His next letter was from Celorico, upon the Mondego, 12th October 1811

"I gave you a few hasty lines, I think, on the 26th September. As I predicted that a retreat or an action would take place within twenty-four hours, so it happened. The French pushed forward in great force, and would gladly have brought on an action, but a wise head said nay, and we retrograded. The 3rd Division was pressed hard by the cavalry, but retired in good order by squares, so suffered not so much as might have been expected. The French have again taken themselves off, Marmont by the pass of Banos to Plasencia, and the Comte d'Orsini[63] (or some such name), with the remaining force, is gone into cantonments in the vicinity of Salamanca. What will be the end of all this kicking about and expense of shoe leather I cannot say. Our advanced posts extend nearly as far as before, though several divisions are on this side of the Coa, where I think they will remain for the winter, or until some fresh alarm calls us again into motion. I have been very unwell since my last, but am now considerably better, and have to complain principally of weakness. Another fortnight will, I hope, put the old horse once more on his legs. The best of them cannot go for ever. His lordship is just coming in to inspect the hospitals."

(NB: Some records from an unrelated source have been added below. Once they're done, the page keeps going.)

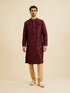 Manyavar Royal Maroon Printed Kurta Set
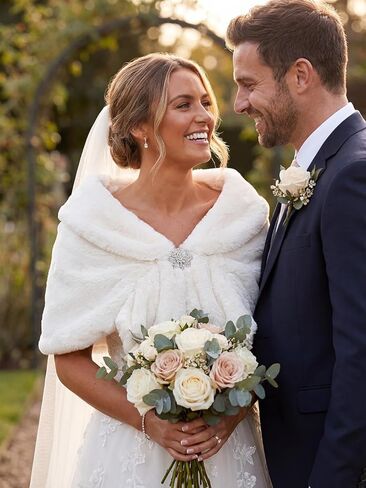 Yikisdy Wedding Faux Fur Shawl 20s Rabbit Wraps Bridal Fur Cover Up Party Cloak Coat Sweater Accessories for Women and Girls in Kuwait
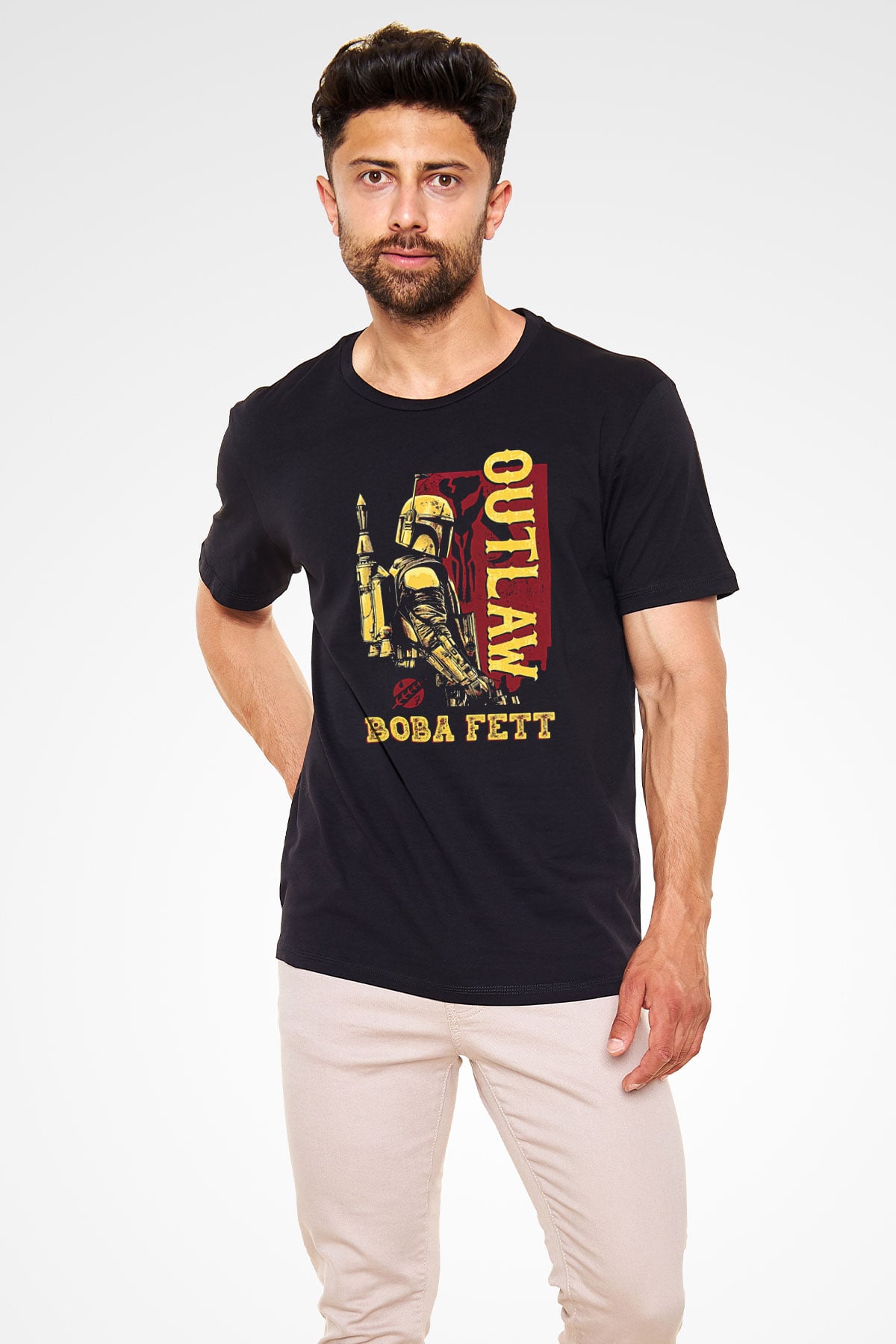 Mandolarian Baskılı Unisex Siyah Tişört - Tshirt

Shortly after this the 51st went into winter quarters at Pena Macor, while Wellington perfected his arrangement for converting the blockade of Ciudad Rodrigo into a siege. That the regimental officers did not take a very bright view of the situation is evident from the following letter from Major Rice:—

"Pena Macor, 4th December 1811.

"We have got papers down to the 15th November. Grand news was expected, such as Northern Coalition—the old joke! I wish we could get those Russian bears on foot; nothing can be done here but by something of the sort. Bony, I fear, is too deep, and John Bull such a cursed fool that I am no longer sanguine in the cause and the issue of the glorious struggle. The army has again been on the qui vive, but nothing done. A convoy of provisions was attempted to be thrown into Ciudad Rodrigo, but our lord was too deep. He has good intelligence and certain requisites. General Renaud passed some days here with us. He likes good living and plenty of wine—a tolerable sort of Frenchman. He was taken by Don Julian, the famous guerilla partisan. He thinks Bony will never forgive him, and is alarmed. I shall struggle on a little longer before I give in—take another round or two—the odds against me. My poor brother major[64] died the other day—a short illness, which terminated with a melancholy disease—what the wigs call timor orsi—otherwise, fear of hell."

So 1811 closed, and was followed by a year of strenuous work for the British troops—a year of great victories, yet one also of arduous marches, vast hardships, and heavy casualties. And Major Sam Rice managed to "struggle on" to the end of it.